■ What you are asked to do ■
For each entry, repeat the text exactly and omit any picture it holds.

━━━━━━━━━━━━━━━━━━━━

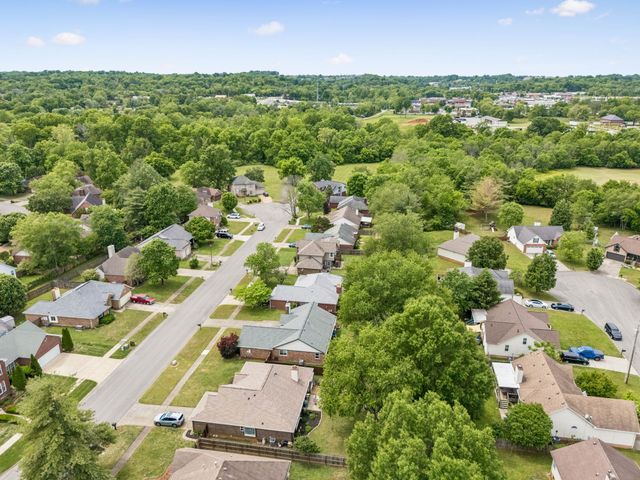 526 Creek Pt, Mount Juliet, TN 37122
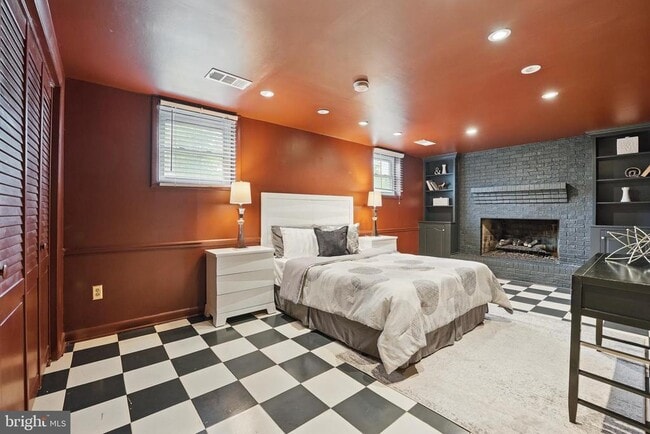 Building Photo - 7910 Bayberry Dr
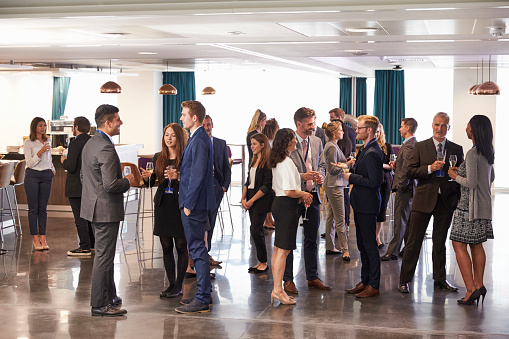 Contactos de delegados en la recepción de bebidas de la conferencia photo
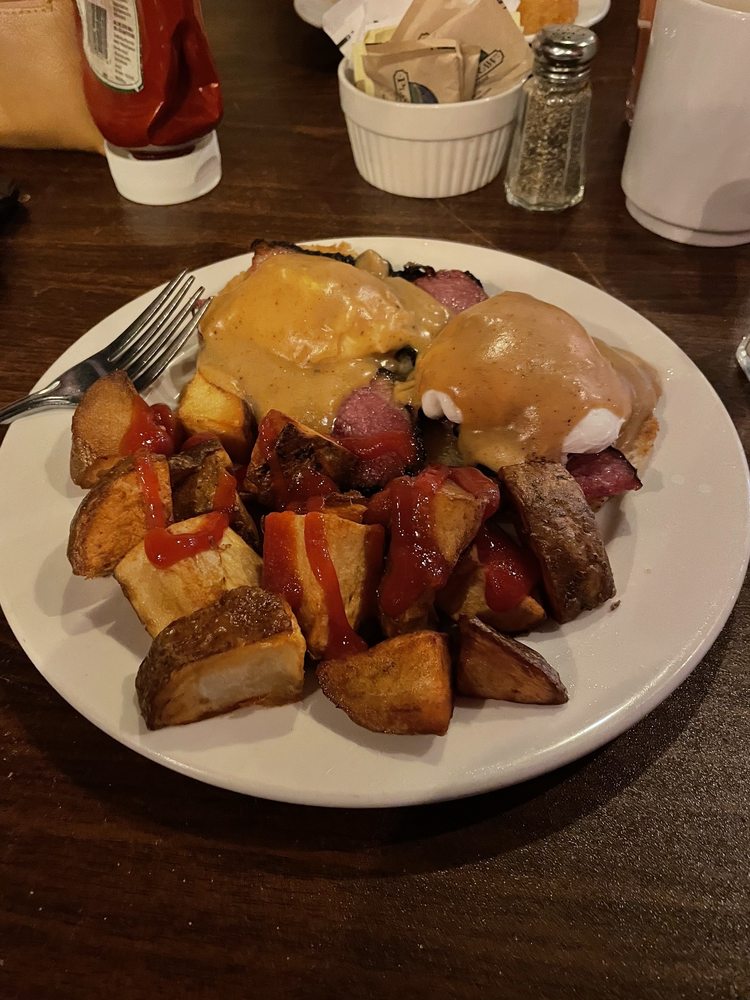 Elle's Bistro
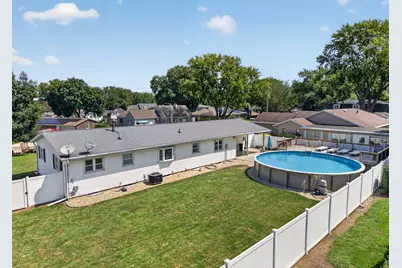 821 King Arthur Lane, Ottawa, IL 61350 - Photo 6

━━━━━━━━━━━━━━━━━━━━

■ Solution below ■
 526 Creek Pt, Mount Juliet, TN 37122
 Building Photo - 7910 Bayberry Dr
 Contactos de delegados en la recepción de bebidas de la conferencia photo
 Elle's Bistro
 821 King Arthur Lane, Ottawa, IL 61350 - Photo 6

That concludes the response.